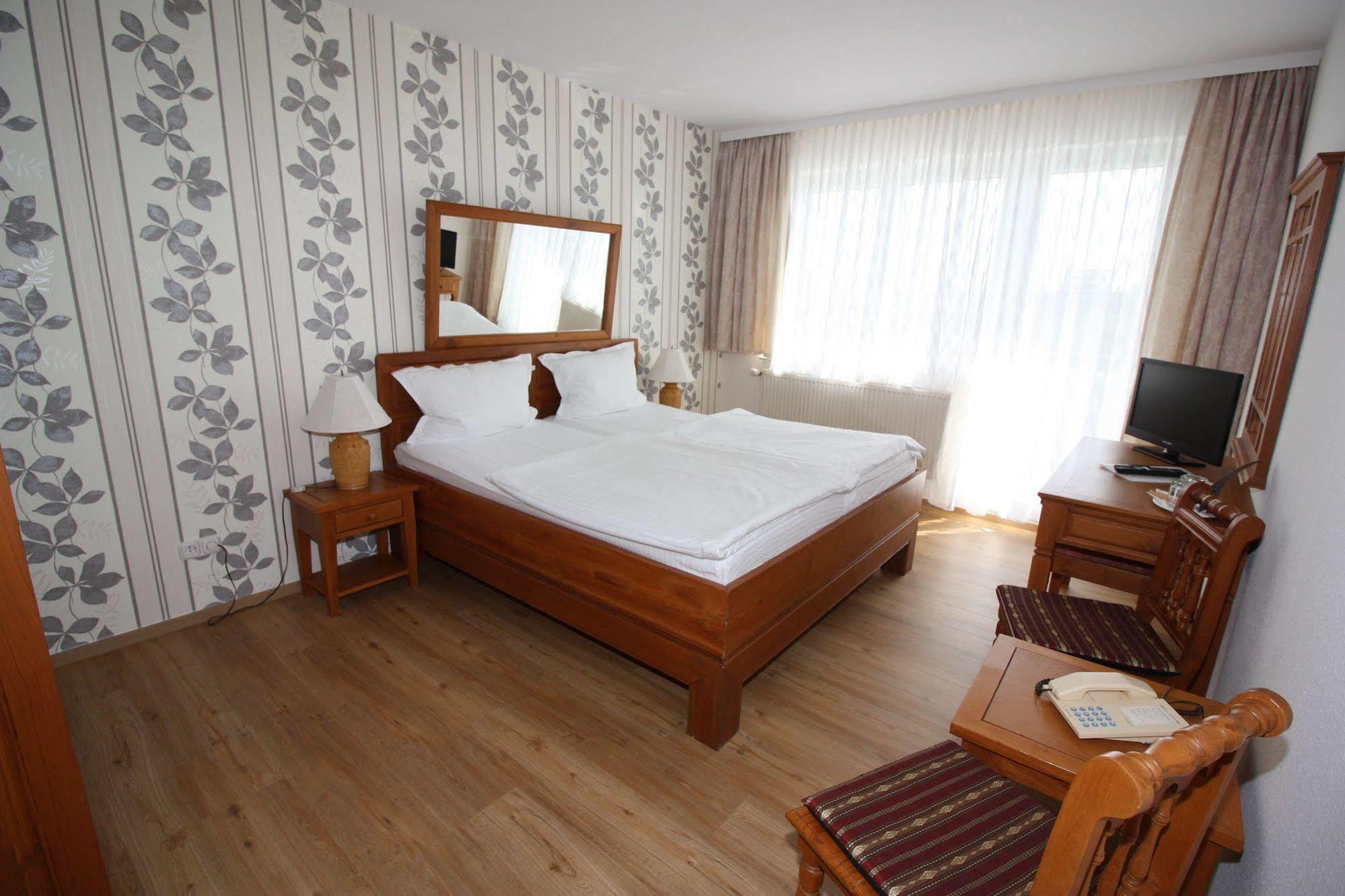 Hotel Weimarer Berg Apolda Εξωτερικό φωτογραφία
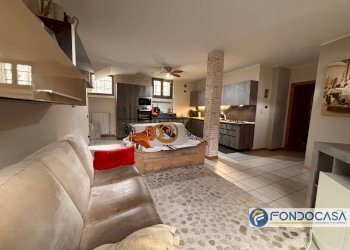 Trilocale Chiuduno, Chiuduno - foto 8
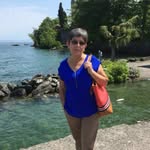 Vilma Barrientos de Requena - @vilmaderequena - Instagram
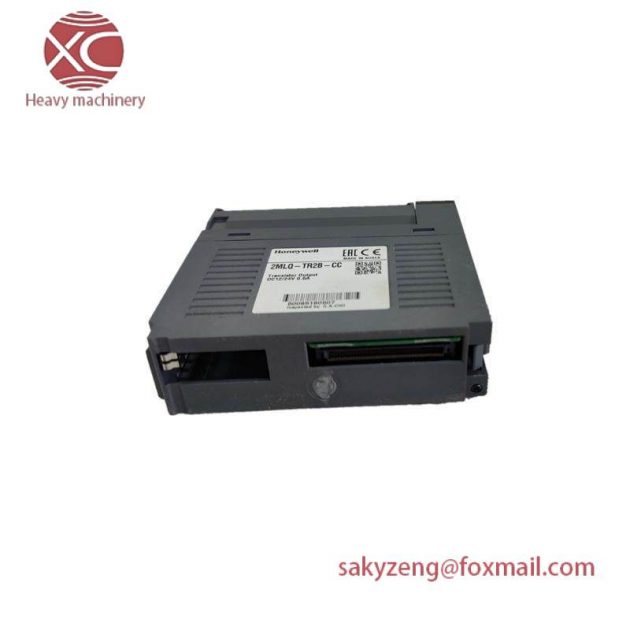 Honeywell 2MLQ-TR2B-CC Digital Output Module, for Industrial Control Solutions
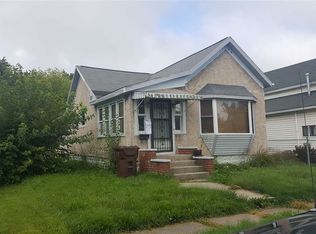 504 N Cowen St, Garrett, IN 46738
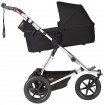 Mountain Buggy Carrycot Plus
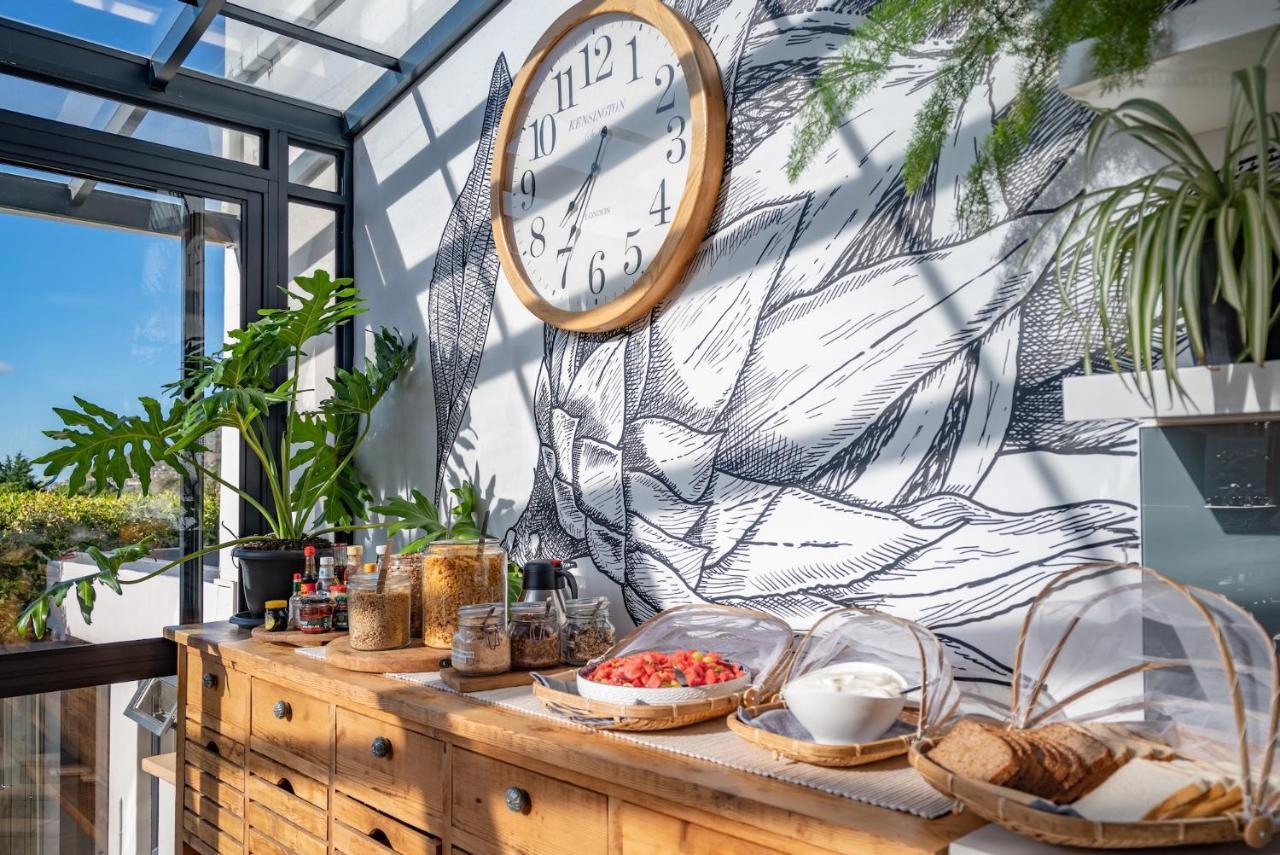 Hout & About Guest House Hout Bay Ngoại thất bức ảnh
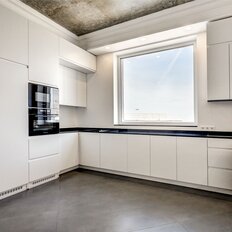 Квартира 190 м², 5-комнатная - изображение 5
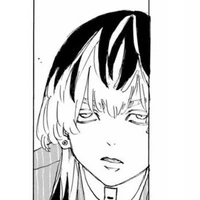 Haitani Rindou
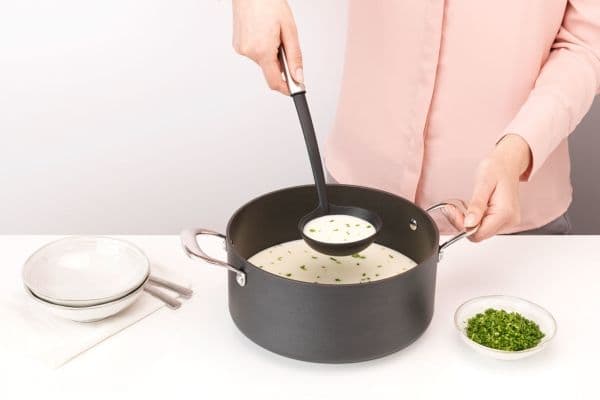 Brabantia Profile - Soppslev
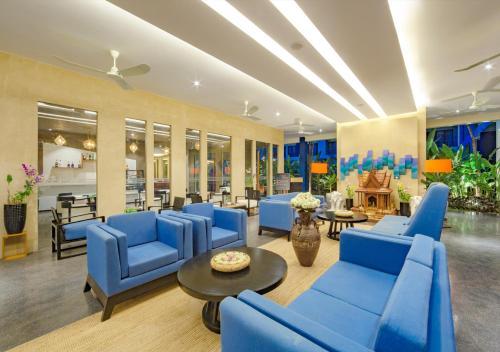 Sakmut Hotel & Spa
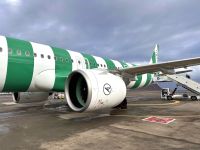 Teneriffa- Flughafen 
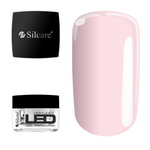 Silcare High Light Led Gel French Pink 30g  New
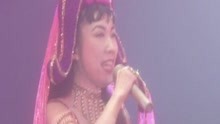 松任谷由実 - 満月のフォーチュン 演唱會現場版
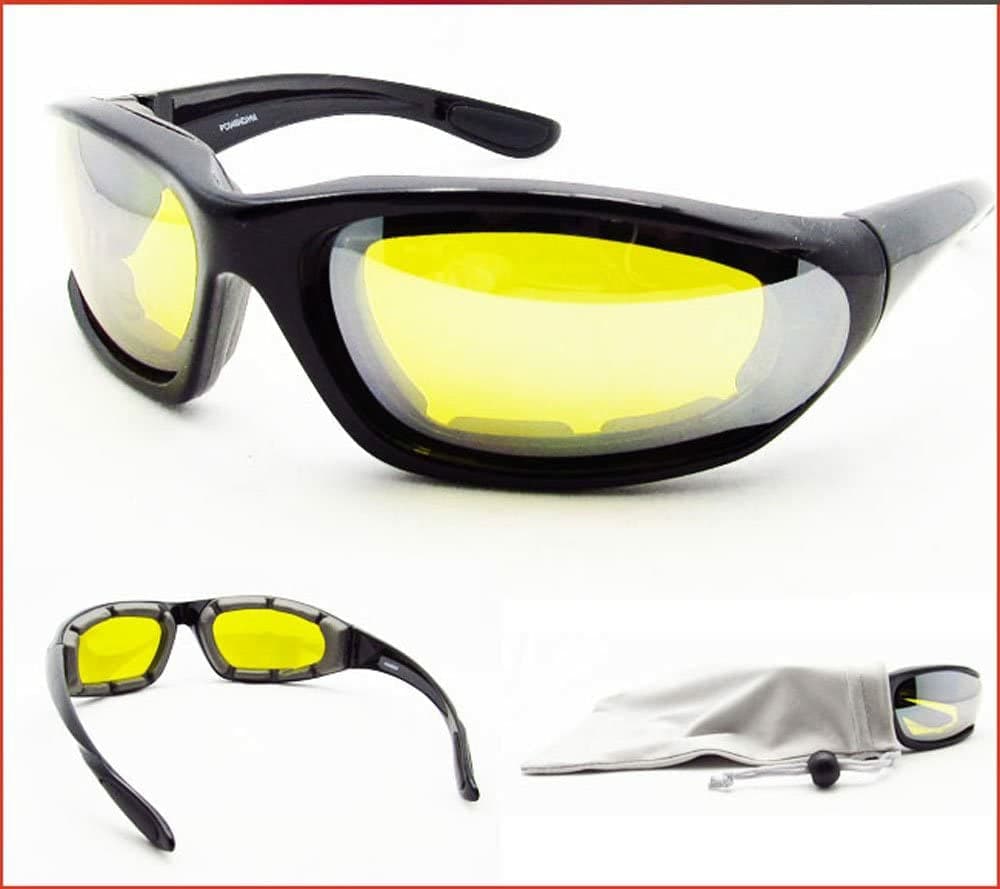Day Night Vision Glasses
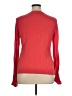 Gap Outlet 100% Cotton Red Cardigan Size XL - photo 2
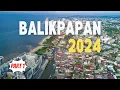 Download Lagu JALANAN BALIKPAPAN DI TAHUN 2024 - KELILING KOTA YANG BIKIN KANGEN PART 1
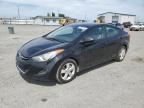 2011 HYUNDAI ELANTRA GLS for sale at Copart WA - SPOKANE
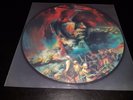Amorphis - The Karelian Isthmus Picture Vinyl Rarität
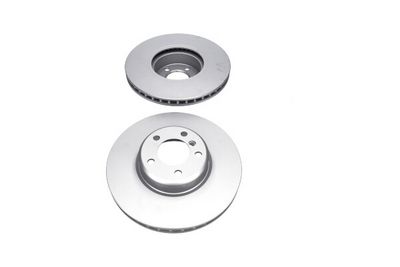 Brzdový kotouč KAVO PARTS BR-10198-C
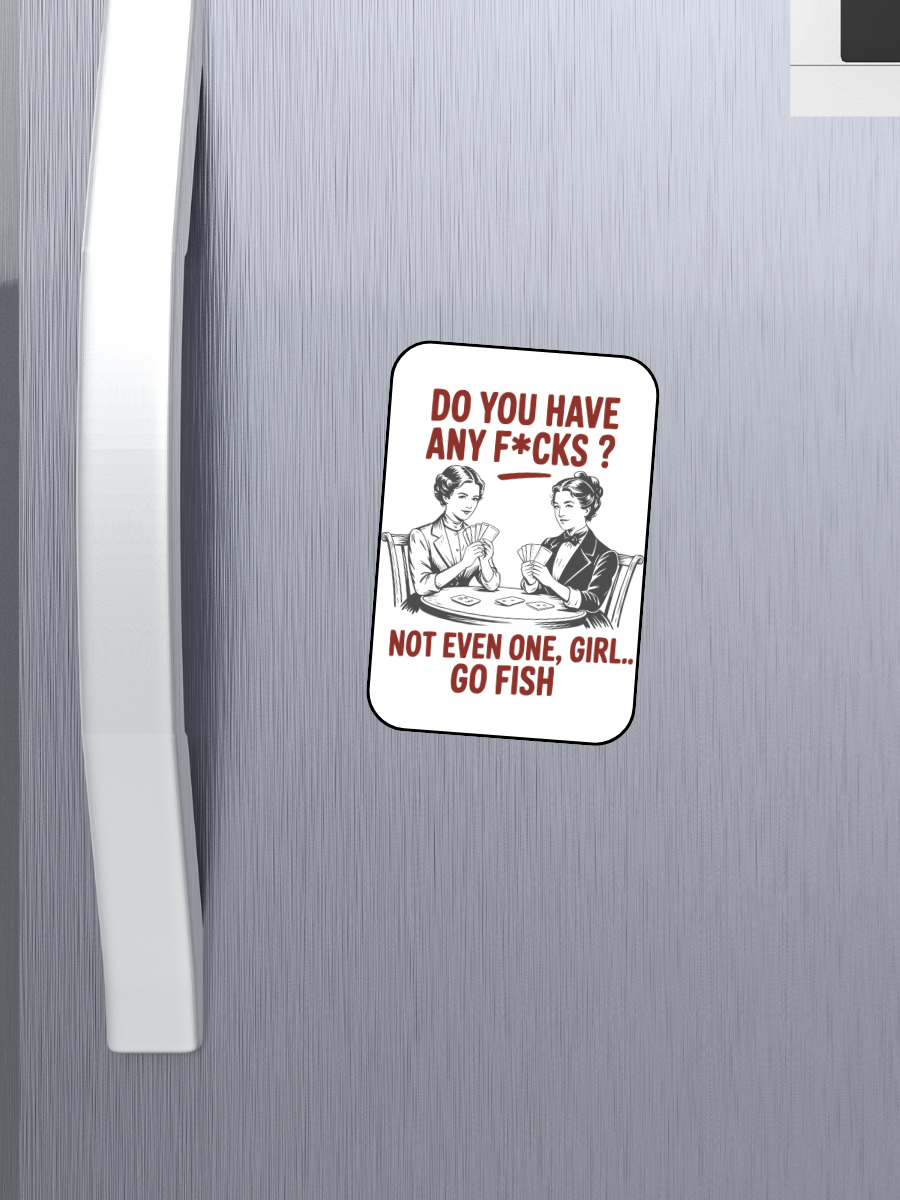 Magnets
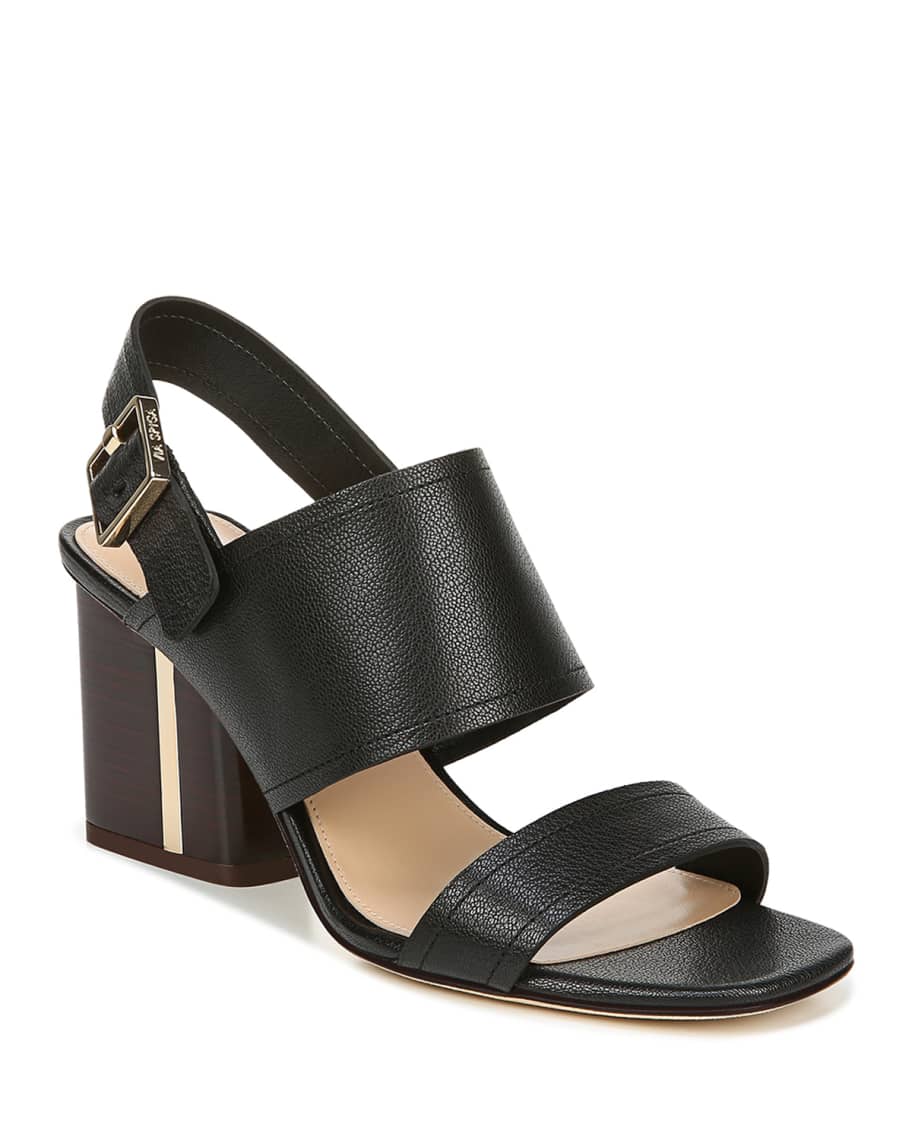 Via spiga sales hana slide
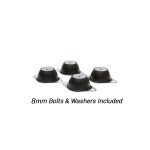 Tanair AVM1 Anti Vibration Mounts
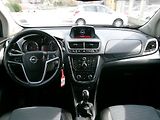 Opel Mokka (2015) 1,6CDTi NAVI 4x4 TEMP BT - náhled 13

※ ※ ※

Starting at the top of the listing above, please restate word for word each line up to and including the one that holds "Mountain Buggy Carrycot Plus", omitting every image.

Response box
 Hotel Weimarer Berg Apolda Εξωτερικό φωτογραφία
 Trilocale Chiuduno, Chiuduno - foto 8
 Vilma Barrientos de Requena - @vilmaderequena - Instagram
 Honeywell 2MLQ-TR2B-CC Digital Output Module, for Industrial Control Solutions
 504 N Cowen St, Garrett, IN 46738
 Mountain Buggy Carrycot Plus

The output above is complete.